Congress flooded schools with billions of dollars over the course of the pandemic, with each spending package larger than the last. All told, over the past two years, Congress allotted almost $200 billion to K-12 schools in three separate bills to keep them up from falling too far behind during lockdowns.
The first bill came in March 2020 with the Elementary and Secondary School Emergency Relief (ESSER I), which provided $13.2 billion in funds to K-12 schools. That was followed by ESSER II and ESSER III in December 2020 and March 2021, respectively.
ESSER II provided an additional $54.3 billion to schools, while ESSER represented the biggest cash infusion at $122 billion. Most of the money from the third tranche has not been spent.
Biden — who signed the provision allocating ESSER III — is now wondering why schools are not using all that cash to reopen schools.
You know, they have what they need," the president said of schools during a White House COVID response team meeting last week. "The states and the school districts have spent this money well, many of them. But unfortunately, some haven't.
There's a good reason why some schools have not gotten around to spending some of the allotted money, according to Nat Malkus, a senior fellow and deputy director of education policy at the American Enterprise Institute.
School districts are likely having trouble finding ways to spend the money, given that all that cash is temporary and will need to be spent before a certain date, Malkus noted in an analysis of the ESSERs he conducted back in October.
"If early indicators mentioned earlier hold, many districts will use ESSER funding to hire more staff—both teaching and nonteaching—or to pay for existing programs in ways that can do harm down the road when ESSER funds are finally spent," according to the report.
If getting schools back in session and away from virtual learning is the most important aspect, Malkus argues, then the pandemic is still likely causing problems in terms of enticing teachers to rush back into the classrooms.
"It's pretty hard to find substitutes right now even if you wanted to pay more substitutes. It's hard to find things we would need to spend it on — things like tutoring and after-school programs," Malkus told The National Desk. "People are not interested in those things right now."
Money from ESSER I and ESSER II contained almost no restrictions, while the third installment included one major condition: 20% of the money must get used for addressing learning loss. The other 80% of funds can be used however way school districts deep appropriate.
Requirements "were so loose you could drive a truck through," Malkus said, noting that most schools were all over the place in terms of their priorities. But, ultimately, "they are going to spend this money, for good or ill," he added.
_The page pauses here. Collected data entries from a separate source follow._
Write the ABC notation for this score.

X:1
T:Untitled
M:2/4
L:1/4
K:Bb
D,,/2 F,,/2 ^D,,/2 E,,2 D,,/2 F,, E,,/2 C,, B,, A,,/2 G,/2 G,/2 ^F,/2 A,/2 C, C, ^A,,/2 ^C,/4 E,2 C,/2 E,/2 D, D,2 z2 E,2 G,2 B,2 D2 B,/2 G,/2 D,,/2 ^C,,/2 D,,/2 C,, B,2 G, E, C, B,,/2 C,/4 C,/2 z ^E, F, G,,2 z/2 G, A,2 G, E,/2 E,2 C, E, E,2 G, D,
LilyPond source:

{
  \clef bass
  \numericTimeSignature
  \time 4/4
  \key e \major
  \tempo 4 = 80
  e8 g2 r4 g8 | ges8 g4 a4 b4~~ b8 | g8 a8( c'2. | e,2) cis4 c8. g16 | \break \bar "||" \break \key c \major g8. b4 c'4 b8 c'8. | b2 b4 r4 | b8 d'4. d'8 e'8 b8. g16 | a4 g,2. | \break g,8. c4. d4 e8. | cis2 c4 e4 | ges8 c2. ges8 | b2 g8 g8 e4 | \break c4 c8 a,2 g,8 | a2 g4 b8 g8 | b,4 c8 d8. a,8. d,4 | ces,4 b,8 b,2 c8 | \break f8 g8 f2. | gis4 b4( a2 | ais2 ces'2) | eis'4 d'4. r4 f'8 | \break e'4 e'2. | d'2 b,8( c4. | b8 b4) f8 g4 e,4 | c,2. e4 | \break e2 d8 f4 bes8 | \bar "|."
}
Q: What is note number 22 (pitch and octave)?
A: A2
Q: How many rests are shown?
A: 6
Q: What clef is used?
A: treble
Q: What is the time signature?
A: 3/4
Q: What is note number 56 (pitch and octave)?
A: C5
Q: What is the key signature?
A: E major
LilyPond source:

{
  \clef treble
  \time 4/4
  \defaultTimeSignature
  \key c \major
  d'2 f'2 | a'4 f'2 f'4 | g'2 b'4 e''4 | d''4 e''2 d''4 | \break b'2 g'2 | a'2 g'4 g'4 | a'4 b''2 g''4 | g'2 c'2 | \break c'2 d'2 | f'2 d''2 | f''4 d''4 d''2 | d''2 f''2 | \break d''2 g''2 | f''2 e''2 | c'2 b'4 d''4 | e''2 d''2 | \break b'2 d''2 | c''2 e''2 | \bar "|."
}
Another analysis conducted in November traced how thousands of school districts across the country are spending some of the cash from ESSER III.
More than 1,000 districts in 35 states received over $29 billion combined, almost a quarter of the national allocation, according to data compiled by Burbio, which tracks shutdowns during the heat of the pandemic.
Burbio discovered that more than half of school districts have earmarked funds for summer learning, while a third are using it to pay for transportation, and nearly a quarter plan to invest in online platforms. Staffing needs, summer learning programs and air filtration improvements like HVAC systems were the most popular uses, according to Burbio. About 40% of the 1,040 districts the group looked at planned to spend in those categories.
Still, analysts echo much of Malkus' concerns.
“Most of it is being used for the right things and in the right areas, the problem is understanding the impact of taking away a service once you’ve provided it,” Ralph Martire, executive director of the Center for Tax and Budget Accountability, told Bloomberg in November.
School districts should be very persnickety about utilizing funds to cover recurring costs,” Martire added.
Biden and everyone else should keep in mind that school districts are still navigating how to spend funds from ESSER III, according to Malkus.
"I think there is a consensus out there that some of the spending is just not going to be COVID specific. In large part, because they have a short amount of time to spend the money," Malkus said.
He added: "If you spend it all on more teachers and more staff, you'll have to fire everybody in four years."